Last year, our commentary was that consumers should not be expected to settle for apologies but rather industry-wide actions to address quality of the egg supply. The United Egg Producers, an industry cooperative representing 95 percent of U.S. production farmers, has outlined a series of food safety actions including a Five-Star Total Quality Assurance Program to ensure consumers get a safe product. Yet, the Register article reports that Wright County Egg and Hallandale Farms, the companies identified in the 2010 recall incident were enrolled in this program but inspectors continued to find violations. Some states are noted as developing their own voluntary inspectional programs, but Iowa seems to be missing.

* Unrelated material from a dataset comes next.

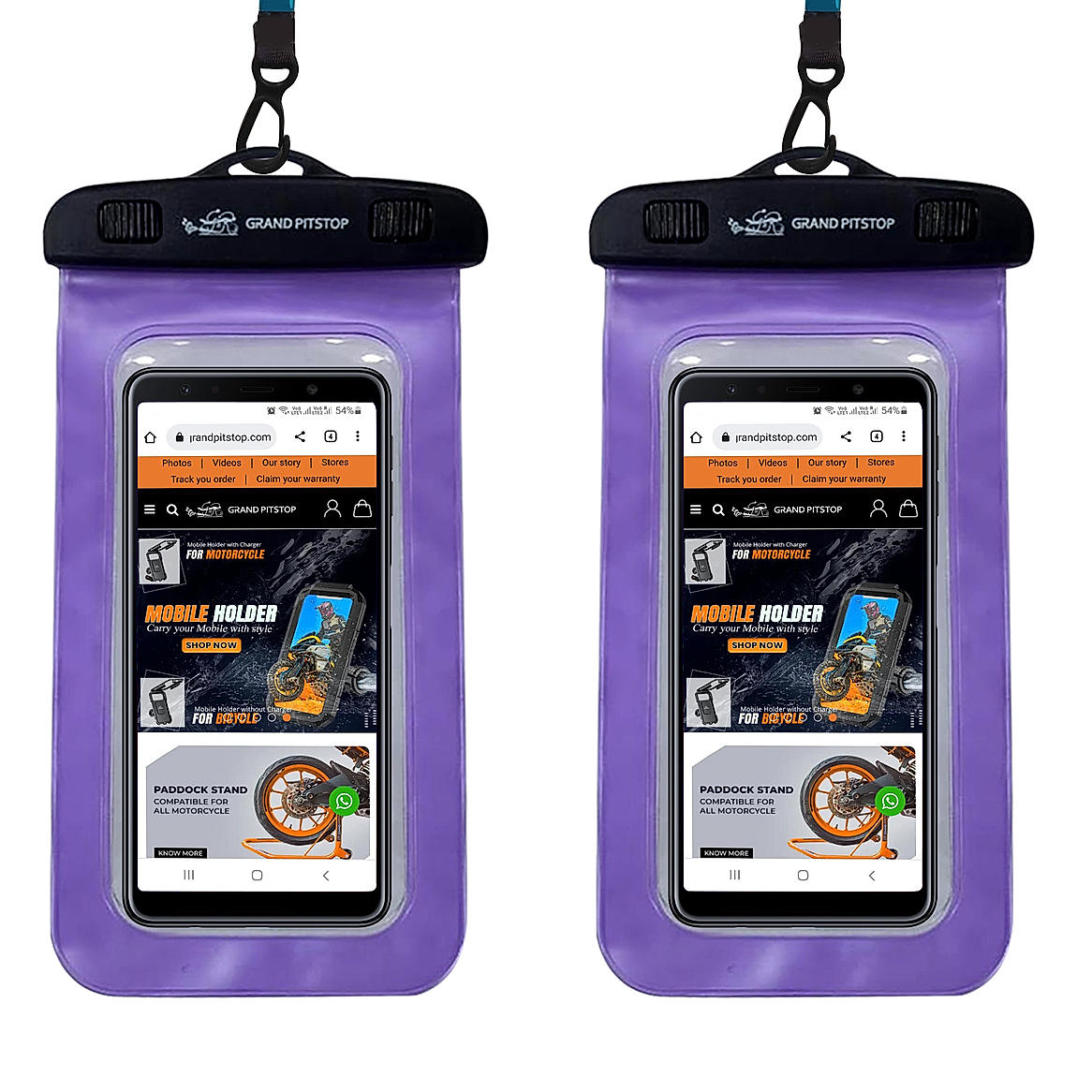 Universal Waterproof Mobile Pouch (Pack of 2) - iPhone, Samsung, Pixel, Mi, Oneplus, Realme up to 7.0 inch - Purple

One year later, the burden of quality and safety should not be on the inspectional system, but rather on the producers to provide quality and consistency. Consumers sometimes have limited options in product consumption, and eggs certainly fill that category. Eggs exist in many other food and service-oriented supply chains such as restaurants where brands stand on their reputations.
Consumers and producers need to add their collective voices or we all run the risk of yet another outbreak. The status quo is not going to cut-it.
Add you voice, demonstrate your concern and call-for-action.